第25節 横浜FC戦
「MIDWEEK SCRAMBLE

 厚別を覆う漆黒の夜空に、けたたましいブーイングが鳴り響いた。
 この日の勝利を信じて疑わなかったTIFOSIたちの怒りそのものだが、
 聞きようによっては、TIFOSIたちの慟哭のようにも聞こえる…。

 まさに、負けに等しい『引き分け』だった。
 試合開始早々の尽のゴールで、試合の主導権を握りかけながら、
 城にあっさりと同点弾を許してしまう。
 確かに、ここまでの札幌は、先制すれば逃げ切ってきた。
 TIFOSIたちも心得たもので、先制点を奪えば『もらった!』とばかりに、
 サポートのテンションは右肩上がりで推移していったものだ。
 だがそれも、山形での逆転負けが効いているのだろう、札幌が先制したからといって浮ついた感じは微塵もなかった。

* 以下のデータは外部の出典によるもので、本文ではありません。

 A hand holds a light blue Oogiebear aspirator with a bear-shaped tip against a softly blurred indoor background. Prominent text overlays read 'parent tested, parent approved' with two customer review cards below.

 そして、そのご褒美という訳ではないだろうが、札幌が再び勝ち越した場面では、CURVAは無条件で歓喜に包まれていた。
 札幌としては、ここから追加点が欲しかったところだった。
 惜しい場面は何度もあった。
 ゴール前でのパス交換は、『REAL.MADRID』を彷彿とさせる流麗さで、正直J2レベルのサッカーではない!そう感じた。

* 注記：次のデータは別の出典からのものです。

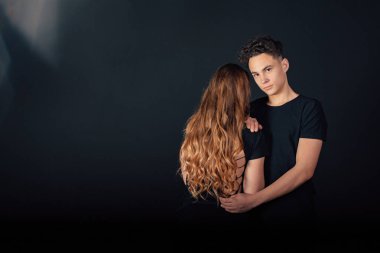 Stüdyoda siyah arka planda poz veren genç bir çift. 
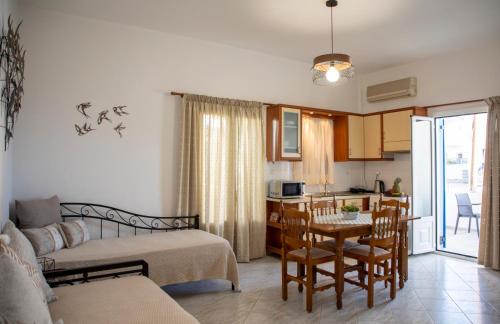 a living room with a bed and a kitchen at Sunrise Studios in Megalochori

 ただこれも、フィニッシュが決まらなければ、『ただのパス回し』に過ぎない事もまた事実で、
 大多数のTIFOSIたち同様、なんとも歯がゆい思いでピッチを見つめていた。
 『もう1点決めなければ…』
 1点リードしているにも係わらず、微妙な焦りを感じ始めたCURVA。
 横浜FCのサイドからのアーリークロスが危険な場面を何度も演出しだしたからだ。
 『いつかはやられる…』
 札幌が拙攻を繰り返すのとは対照的に、横浜FCのシンプルかつ大胆な攻撃は、確実に札幌のゴールに迫ってきている。
 我慢のしどころだった。
 だが、今の札幌はここで踏ん張りきる事ができない。
 連勝中には抜群の安定感をみせていたディフェンスラインだが、今は恐る恐るディフェンスしているようにも見える。
 当然と言えば当然のように、横浜FCが放つサイドからの徹底したアーリークロスを城に決められ、再び同点とされる。
 怒りと失望から容赦ない罵声が飛び交い、2度もリードしながら、2度とも追いつかれるという最悪の展開に唇を噛む。
 ここから、みたび突き放す余力が札幌に残っているか…。
 問題はそこだ。
 ただ、J1昇格への最後の挑戦権を得るには、是が非でももう1点が必要だった。
 この局面を乗り切ってこそ、J1昇格争いに名乗りを上げることが許されるのだ。
 
 残り時間は20分。
 札幌の最後の攻撃が始まっていた。
 相変わらず丁寧にパスを回しながら横浜FCゴールに迫る訳だが、
 こういった局面では、札幌の攻撃に怖さが感じられない。
 降りしきる霧雨でピッチは濡れているし、横浜FCのGKは負傷をおしての出場らしいから、
 もっと遠目からシュートを放ち、セカンドボールを狙う意味でも、チーム全体が横浜FCのゴールににじり寄る…。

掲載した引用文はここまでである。